In general the function argument we base this inductive reasoning on is
something other than an integer. Commonly we call recursive functions on
recursive datatypes, such as lists. In the case of the (good)
length
function defined earlier, the recursive call is to
t
, which is a smaller list than lst
. And lists
cannot keep getting smaller indefinitely. So length
terminates,
by induction on the length of the list.
Lists are just one example of a datatype. In general, suppose we have
datatype t = X1 of t1 | ... | Xn of
tn
. A function will always terminate if it that matches an argument
of type t
, and calls itself recursively only on values extracted
from the pattern-match, of types t1...tn (or pieces of
those values). The reason is that the original argument is built up by using
datatype constructors. If we write out the value of the original argument using
these datatype constructors, there is some maximum depth of nested parentheses
in the value. This parenthesis depth must be smaller in the values produced by
pattern matching, because the outer datatype constructor (one of the
Xi) is removed by pattern matching. Since the parenthesis depth must
be at least zero, the recursion must terminate.

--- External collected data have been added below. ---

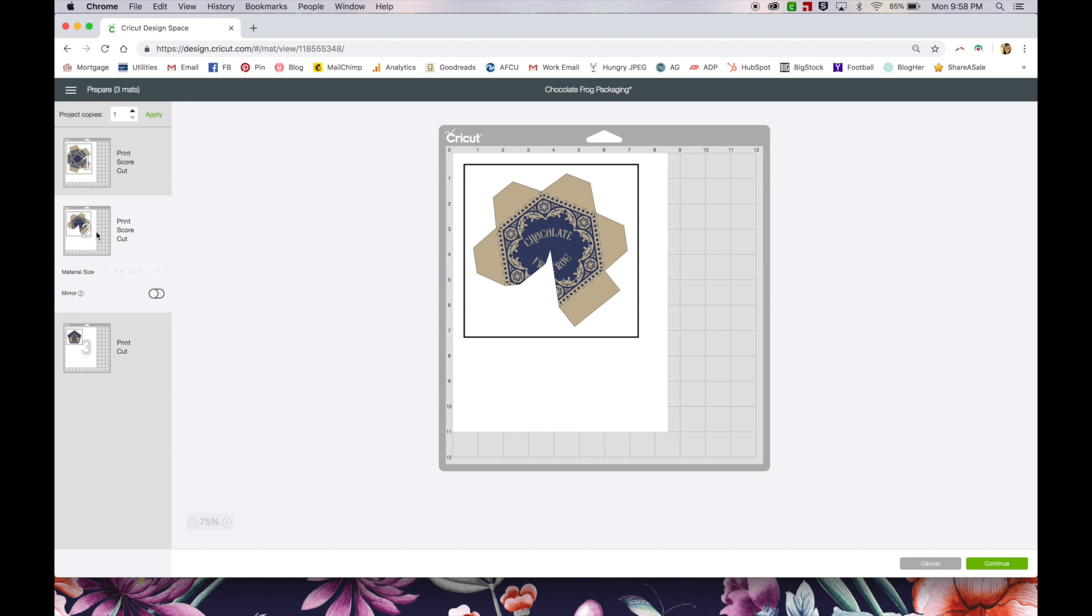Feel free to try it out and go through the process for yourself. It's actually pretty fun to see the finished results. I've made a couple of these boxes now and they turn out super cute. Thanks for watching this video. You can find this chocolate frog box template on my blog and go for it. Give it a try.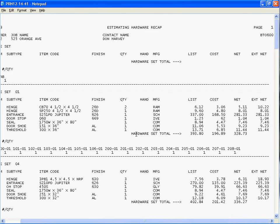So also at the bottom here, it shows me the hardware set totals based on list price, cost, and the extension.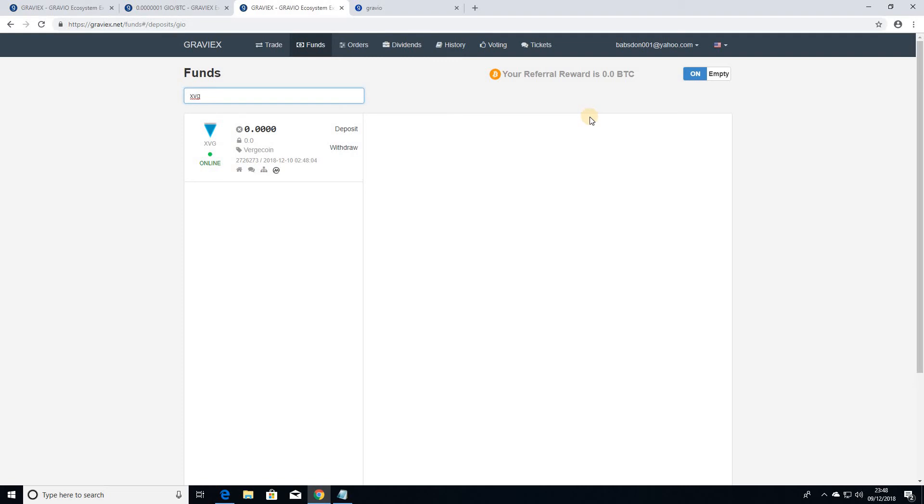That's about how to register and open an account on Gravix Exchange. Look out for my next video, where I'm going to be talking about how to actually trade on Gravix and how to deposit funds as well on Gravix.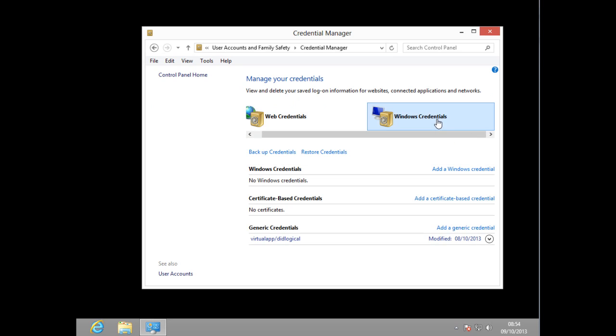Click on this one right here. Here it gave me three choices: I could add a Windows credential, add a certificate-based credential, and add a generic credential.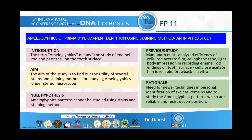The aim of this study is to find out the utility of several stains and staining methods for studying ameloglyphics patterns under stereomicroscope. The rationale is the need for studying personal identification of skeletal remains, rather than DNA forensics or other anthropological methods, using the tooth as the hardest part and enamel as the most resistant tissue.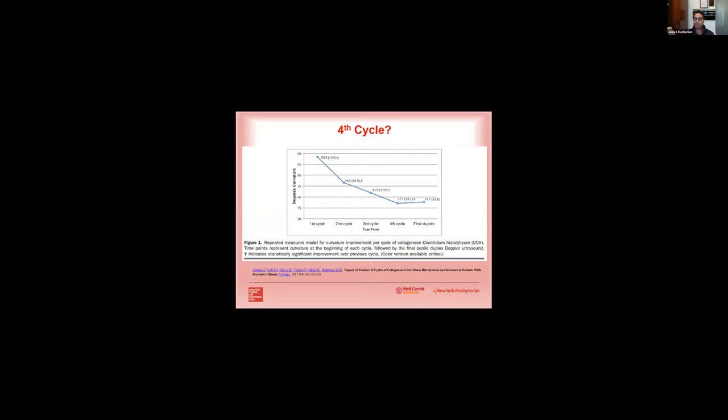Now Dr. Hellstrom's group took this one step forward, and they actually questioned the utility of the fourth cycle. And what you can see here is that there's a significant decrease or improvement in penile curvature after the first three cycles, but what you can see here is with the fourth cycle out to the final assessment, there was actually no change in penile curvature. So they argued that CCH was just as effective in three cycles as it would be in four cycles. So now at this point we've taken out the third office visit and we've taken out potentially the fourth cycle, so we decreased to two office visits over three cycles with a very similar improvement in penile curvature.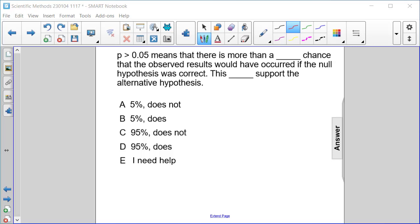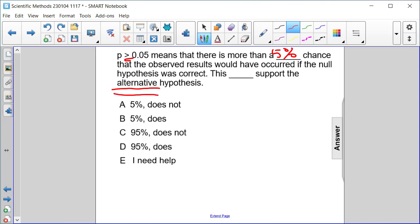P greater than 0.05 means that there is more than a 5% chance that the observed results would have occurred if the null hypothesis was correct. So we have more than a 5% chance supporting the null hypothesis. That means we are not in support of the alternative hypothesis. So this does not support the alternative hypothesis A.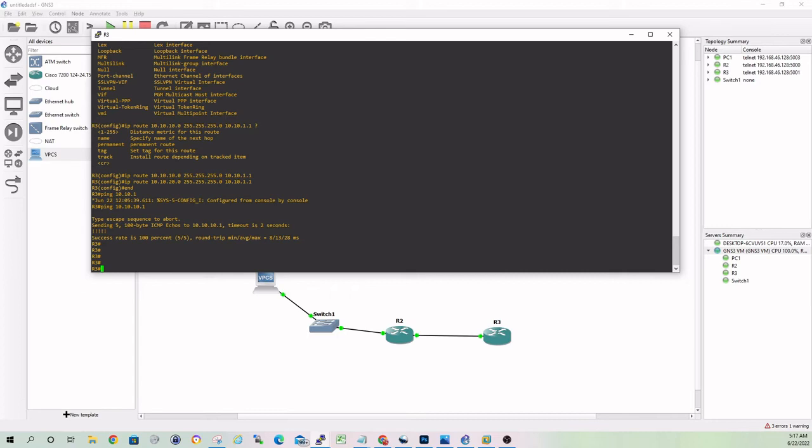So those are a couple of really good reasons why you should download and check out GNS3. Very good tool. Another couple of very obvious reasons, at least for me, is it's free. It's open source and it's supported on pretty much every platform. You can run this on Windows. You can run this on Linux. You can run this on Mac.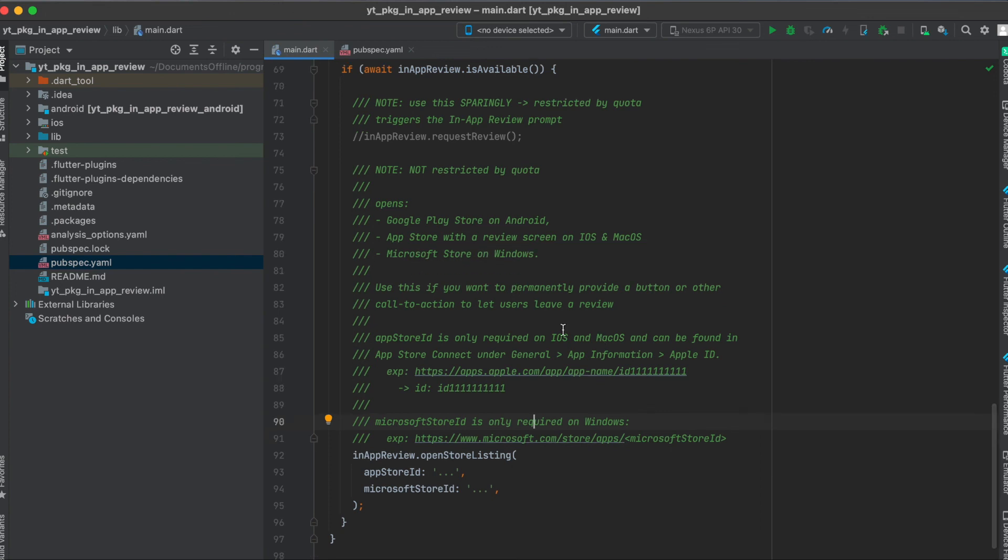Unfortunately I can't show you this in the simulator because your app has to be published on the respective store, so make sure to first publish your app before you use this function.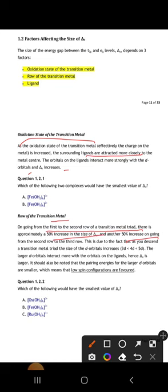Crystal field splitting energy depends on several factors. First, oxidation state: as oxidation state increases, ligands attract more strongly toward the central metal atom, increasing orbital splitting. Second, transition metal row: going from first to second row transition metals gives a ~50% increase in size, and another increase going to the third row, due to larger d orbitals as atomic number increases. Third, ligands: weak field ligands like Cl⁻ and S give smaller Δ values, and strong field ligands give larger values of Δ. This completes crystal field theory.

This points out a nice property of functional programming languages. In a language like Java or C, we can construct similar data structures using references (pointers). But there is nothing in those languages ensuring that when pointers are followed, the value obtained is smaller in some sense. So reasoning about termination is a bit harder in languages without algebraic datatypes.
We've seen how to prove that a function satisfies its specification. In general, we have a function f with a precondition pre(f) and a postcondition post(f). If the function is defined as fun f(x) = e, then we need to show that if the precondition is true, then the postcondition must be true once e is finished evaluating. We also saw that we could define a function vc() that could be used to convert e and post(f) into a precondition. Then we could just prove the formula pre(f)⇒vc(e, r, post(f)) to show that f is implemented correctly.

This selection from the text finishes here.